As previsões sobre a fatia de sobretaxa a devolver em 2016 assentam na subida das receitas com dois impostos, IVA e IRS. De acordo com dados divulgados pelas Finanças, até junho de 2015 a soma das receitas de IRS e de IVA está a crescer 4,2%, uma percentagem superior à fixada na proposta de Orçamento do Estado que apontava para um crescimento de 3,7% na cobrança destes dois impostos.

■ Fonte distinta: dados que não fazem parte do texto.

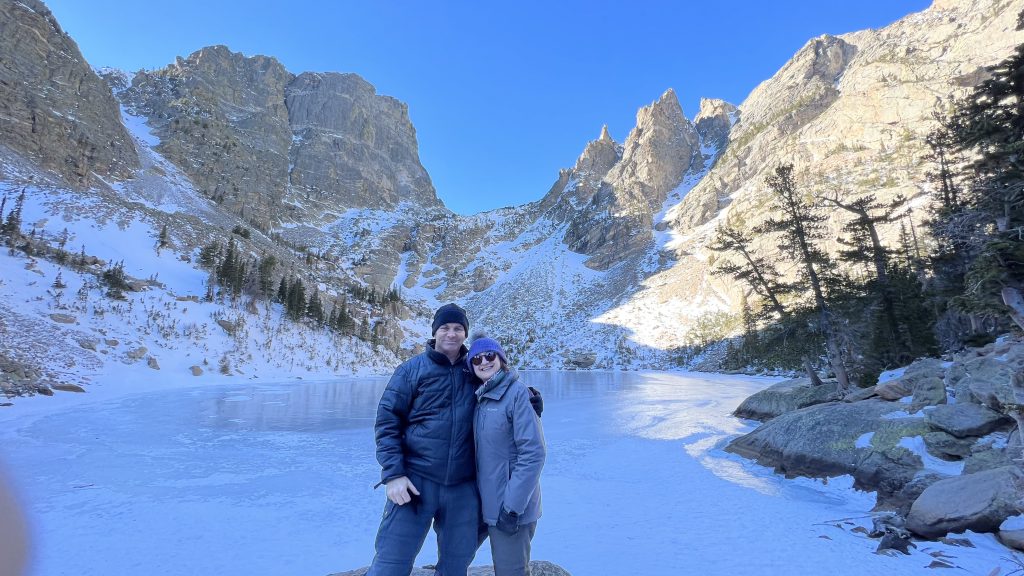 rocky mountain national park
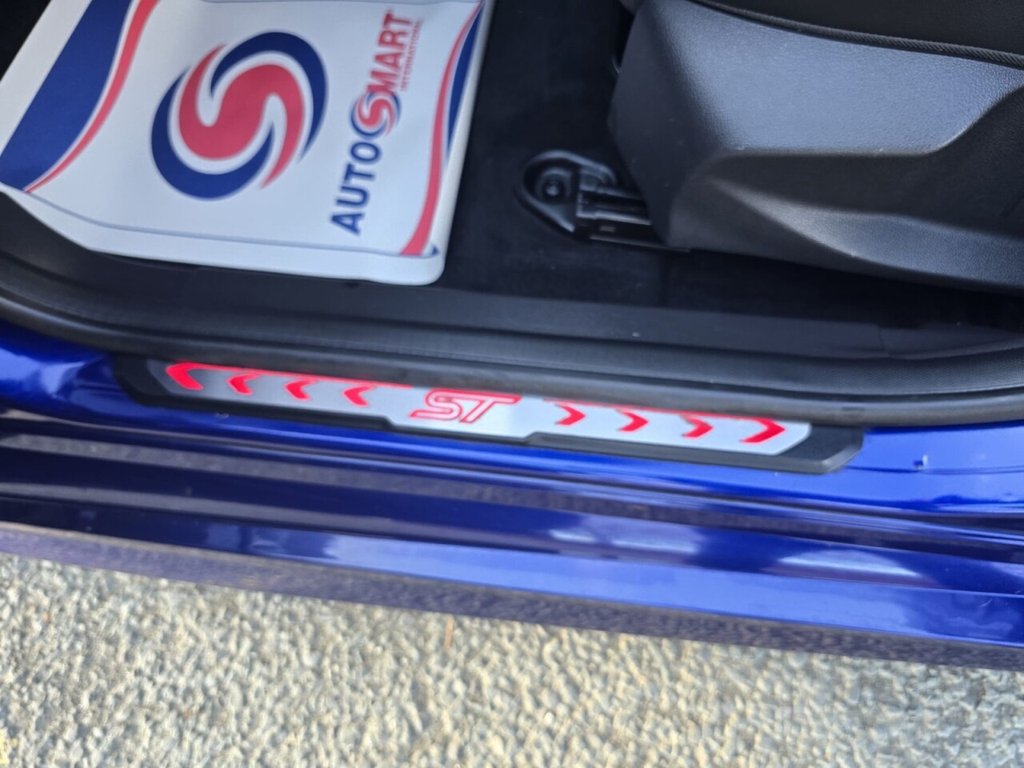 Used Ford Focus 2015 for sale - 75936657: Photo 40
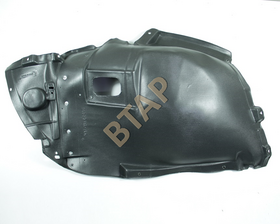 ÇAMURLUK DAVLUMBAZI ÖN SOL BMW E92 BTAP 51717154415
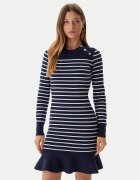 GUESS Rochie tricotată W5BK47 Z0422 Regular Fit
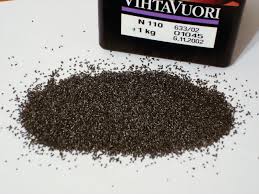 smokeless powders and ballistics in hunting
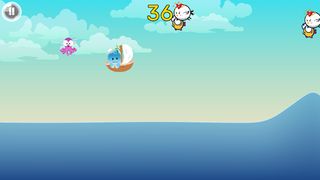 Jellyboat - Screenshot 3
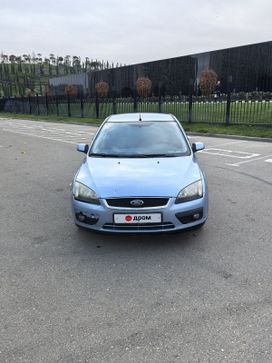  Ford Focus 2007 , 420000 , 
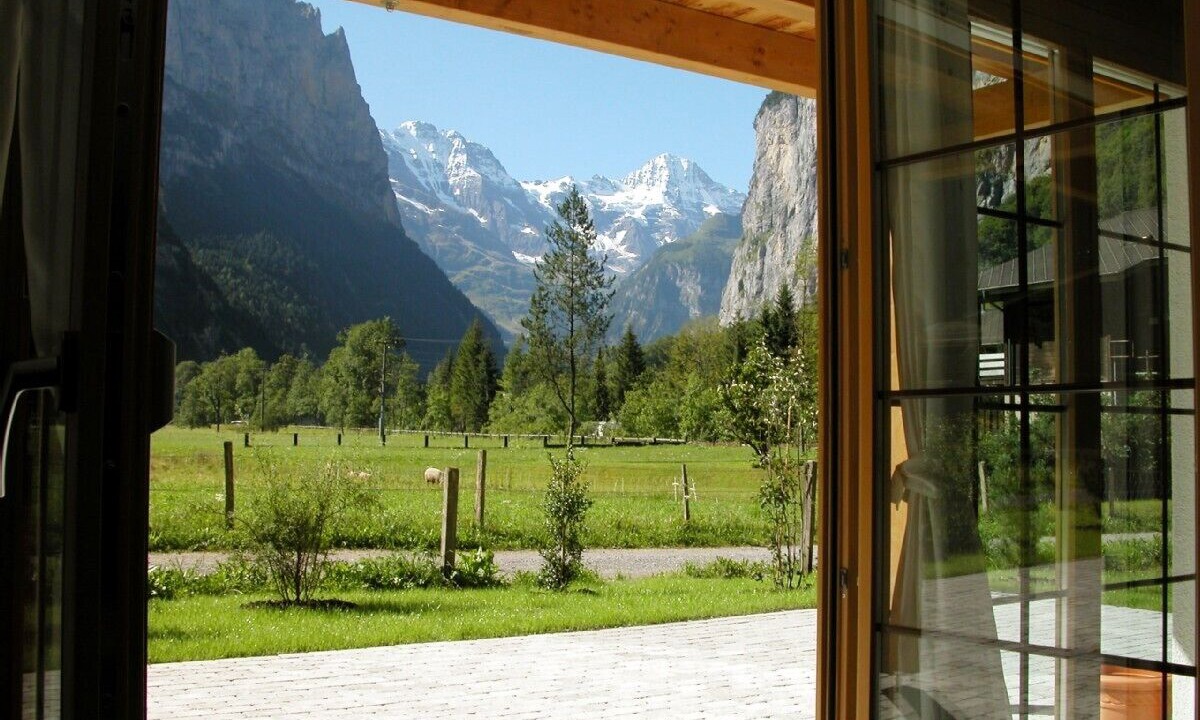 Photo of Others in Lauterbrunnen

É esta diferença que cria a folga que permite ao governo anunciar a devolução de 19% da sobretaxa no próximo ano, o que na prática permite reduzir a sobretaxa de 3,5% para 2,8%. Isto se a evolução positiva registada nos primeiros seis meses se mantiver ao final do ano e o próximo governo cumprir o compromisso assumido por este executivo. Mas uma análise mais atenta às contas da execução orçamental de junho mostra que é apenas a receita do IVA que está a registar um acréscimo significativo, de 8%, neste período. A evolução da cobrança no IRS até junho foi negativa, uma queda de 0,4%, que inverte a ligeira recuperação registada em maio. A proposta de Orçamento do Estado previa um crescimento de 2,4% da receita do IRS este ano.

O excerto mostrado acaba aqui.